No STF, o Direito acima de tudo

Quando se fala em Direito, fala-se para quem? Cada um tem tantos direitos segundo o poder que tem, sentenciou o […]

Quando se fala em Direito, fala-se para quem? Cada um tem tantos direitos segundo o poder que tem, sentenciou o filósofo holandês Baruch Spinoza. Desde a Magna Carta assinada por João Sem-Terra, ainda na Idade Média, esse conceito tem estado no âmago das relações econômicas, políticas e sociais.

A democracia como poder do povo, formulada desde a antiguidade clássica grega, implica definir quais instrumentos podem garantir um sistema institucional que assegure a formulação e a aplicação das leis. Esse é o sentido da Justiça num Estado Democrático de Direito, o estabelecimento das regras do Direito com base na ciência e na consciência.

No Brasil, foi preciso percorrer léguas e léguas de uma caminho repleto de obstáculos para se chegar a uma patamar mínimo de garantias legais, um conjunto de leis que tem na Constituição o seu vértice. Como afirma a Ação Direita de Constitucionalidade (ADC) do Partido Comunista do Brasil (PCdoB) em análise no Supremo Tribunal Federal (STF), um dos princípios do Direito é a presunção da Inocência.

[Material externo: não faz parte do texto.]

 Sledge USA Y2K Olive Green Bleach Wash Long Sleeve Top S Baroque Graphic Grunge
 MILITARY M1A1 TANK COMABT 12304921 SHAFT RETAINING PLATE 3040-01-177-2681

Sobre ele não se pode tergiversar. A alegação de que a prisão após a condenação em segunda instância serve de atalho ao demorado trâmite dos processos, evitando a impunidade, não resiste sequer à lógica aristotélica. Ora, o bom senso manda que essa deficiência — se é que ela procede — seja enfrentada pelas regras de prescrição, dando celeridade aos processos, não pela burla — ou flexibilização — do Direito.

É falso o argumento de que o reestabelecimento da ordem constitucional significa abrir as portas das cadeias. As armas do Estado Democrático de Direito são os instrumentos mais eficazes no combate a todo tipo de crime, a garantia de que ímpetos e casuísmos não substituam as leis. Ou, dito de outra forma, a garantia de combate à impunidade, seja ela originária de onde for. O crime é enfrentado com rigor e eficiência somente pelos preceitos do Estado Democrático de Direito, um projeto racional, produto da civilização e mecanismo que garante a convivência entre concidadãos.

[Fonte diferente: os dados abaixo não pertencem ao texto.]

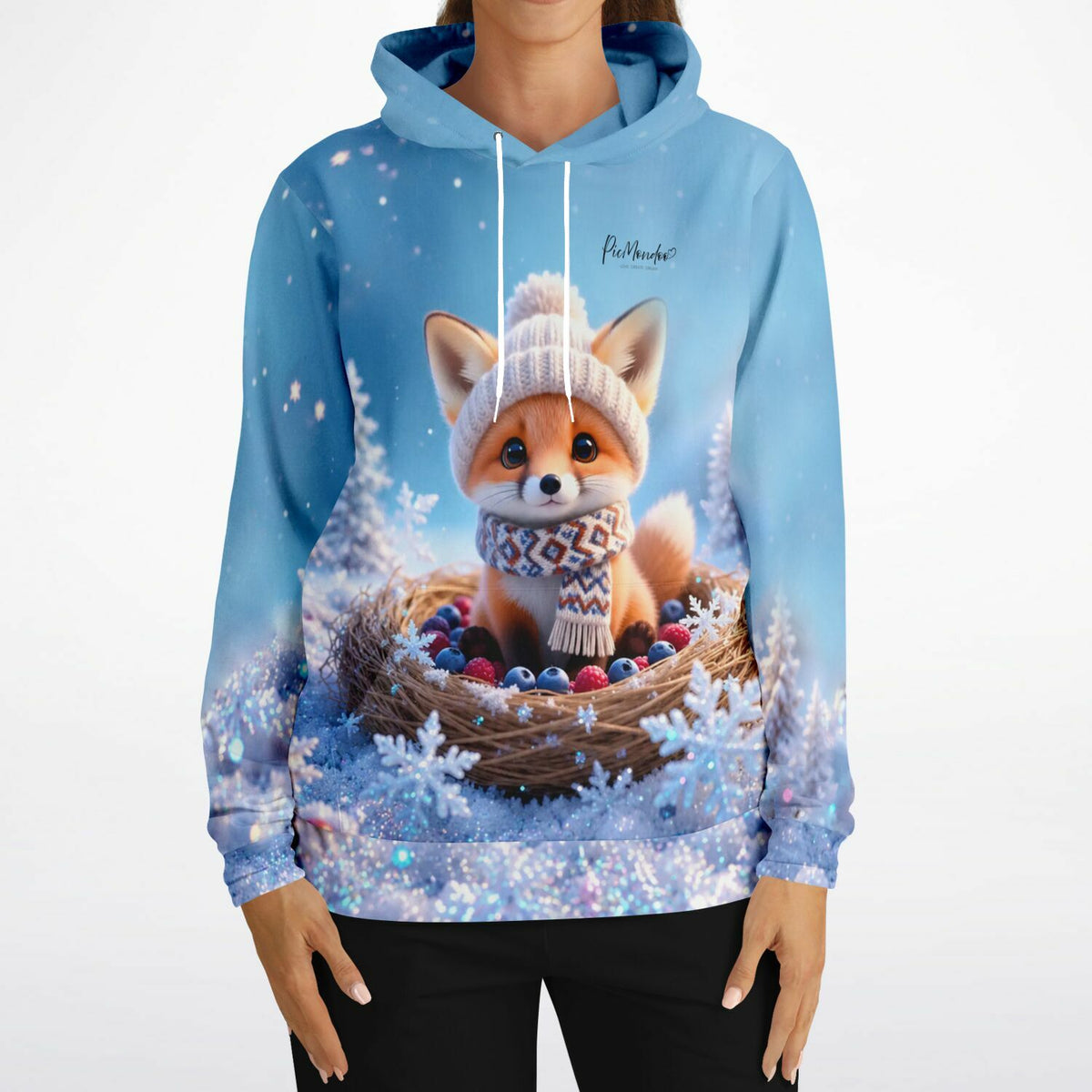 Hoodie mit süßem Fuchs-Motiv im Schnee, perfekt für Fans von Diamond Painting und Malen nach Zahlen Designs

Fora desse preceito é ceder à tentação à barbárie. A ADC do PCdoB lembra, de forma precisa, que a controvérsia que se estabeleceu no STF sobre esse tema “tem como ponto fundamental a interpretação dos dispositivos constitucionais e legais que dão conteúdo ao princípio da presunção de inocência em nosso ordenamento jurídico”. A ampla defesa, diz, engloba todas as fases processuais. “Por isso a execução da sentença após o julgamento do recurso de apelação significa, também, restrição do direito de defesa”, salienta.

Sob as circunstâncias de um verdadeiro rolo compressor de concepções e práticas típicas de Estado de exceção que se estabeleceu com o partidarismo da Operação Lava Jato, o STF, em 2016, alterou sua posição de 2009, de cumprimento do ordenamento constitucional. E agora volta a examiná-la em condições distintas. Cresceu a consciência de que é preciso restaurar o Estado Democrático de Direito.

Para os que se recusam a encarar a controvérsia pelo mérito, a ADC cita o exemplo do Artigo 283 do Código de Processo Penal, que teve a sua redação modificada para adequá-lo ao Artigo 5º, parágrafo 57, da Constituição a fim de garantir o amplo direito de defesa. Essa combinação não admite variações de interpretação. Ela resume um ponto essencial do papel garantidor dos direitos e deveres da sociedade.

Ao se desconsiderar esses princípios, abre-se caminho para práticas fora da lei. A Constituição foi uma conquista inegociável nessa longa caminhada. Qualquer passo atrás significa abrir mão da solidez do Brasil institucional pós-1988, que expurgou do âmago do Estado o entulho autoritário infestado de desmandos acumulado nos anos da ditadura militar.